I genitori di Luca Orioli, Giuseppe e Olimpia, non credono a questa versione e il papà per cinque anni, tutti i giorni, va nella stazione dei carabinieri di Policoro, si siede e aspetta. Finché un giorno arriva il nuovo capitano, Salvino Paternò, e gli chiede chi è, cosa ci fa lì, cosa vuole e perché tutti i giorni aspetta immobile sulla stessa sedia in sala d’attesa.
Il romanzo-verità Aspettando giustizia, di Angelo Jannone (Secop, pp.208, 13, vincitore del premio Rosario Livatino 2015) comindel cia da qui, da un’attesa lunga, infinita, assurda, per una giustizia che non è arrivata mai e chissà se mai arriverà, tra depistaggi acclarati, false testimonianze e false perizie, clamorose manomissioni della scena del delitto e tutto quanto potesse servire a nascondere «un segreto terribile», che Marirosa svela a Luca e che costa la vita a entrambi. Ma la giustizia in questo caso non fa «il suo corso», non ne vuole sapere, non parte e non arriva, si fa attendere, proprio come Godot, mentre il circo della vita propone sempre gli stessi numeri, e anche se acrobati e pagliacci cambiano, l’importante è che recitino sempre la stessa parte.

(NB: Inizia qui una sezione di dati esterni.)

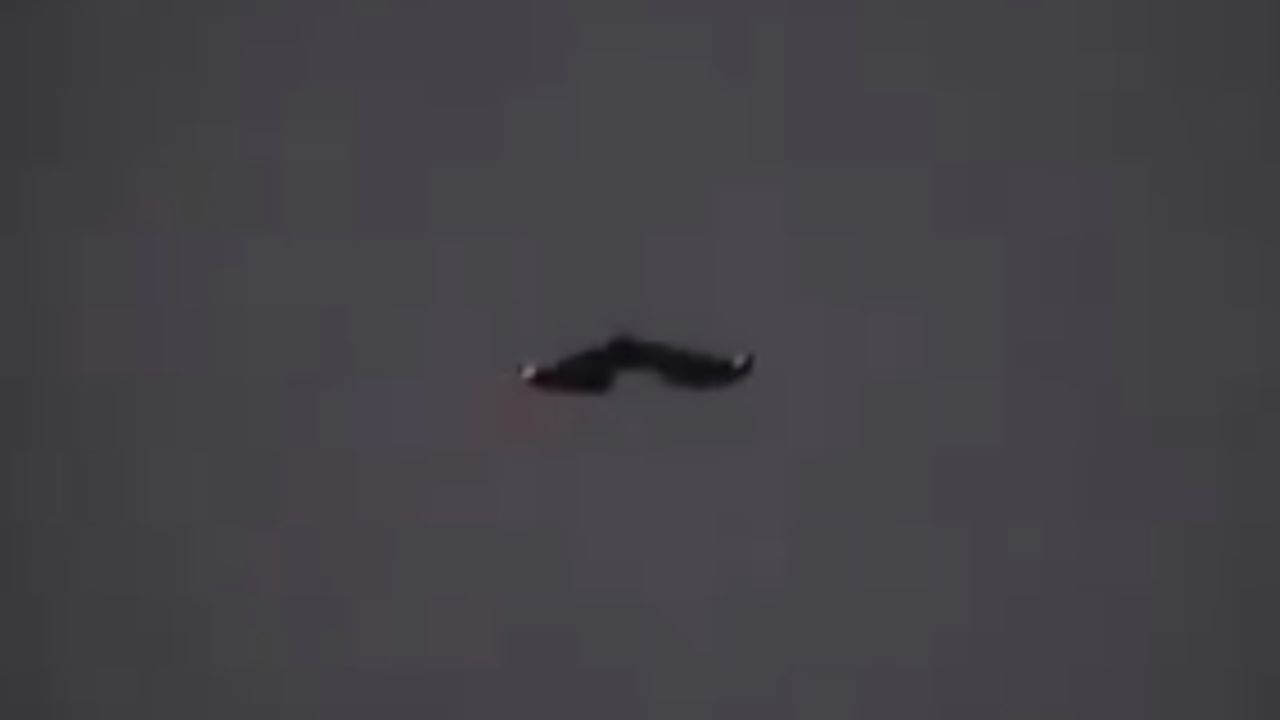 Nos céus dos EUA: um enigma entre drones e OVNIs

Si riesumano i cadaveri, una nuova perizia afferma con forza che si tratta di evidente omicidio, caso si discute anche in Parlamento, il ministro della Giustizia, Piero Fassino, nel 2000 parla di «insufficienza degli accertamenti espletati», e tuttavia non accade nulla. Il papà di Luca intanto muore e ad aspettare giustizia resta sua madre, Olimpia, che nel libro di Jannone compare tra i molti personaggi veri, accanto a quelli ai quali l’autore ha preferito dare nomi «di fantasia». Jannone, un ex carabiniere (colonnello dei Ros, il primo a infiltrarsi nella ‘ndrangheta) non è alla sua prima prova. Si è fatto già apprezzare in Eroi silenziosi per il suo modo di scrivere «pulito» e per la sua capacità di imbastire dialoghi credibili tra i personaggi, i cui ritratti rivelano l’occhio esperto dell’investigatore.
Questa volta ha fatto anche di meglio. Non solo perché si è misurato con un protagonista che è stato carabiniere come lui senza scadere nella retorica «di corpo» — il capitano Paternò oggi è in congedo e per questa indagine venne trasferito con l’intero nucleo operativo — ma anche perché è riuscito a raccontare una storia nera di (in)giustizia evitando l’incenso, il martirologio e tutti quei luoghi comuni da antimafia da salotto.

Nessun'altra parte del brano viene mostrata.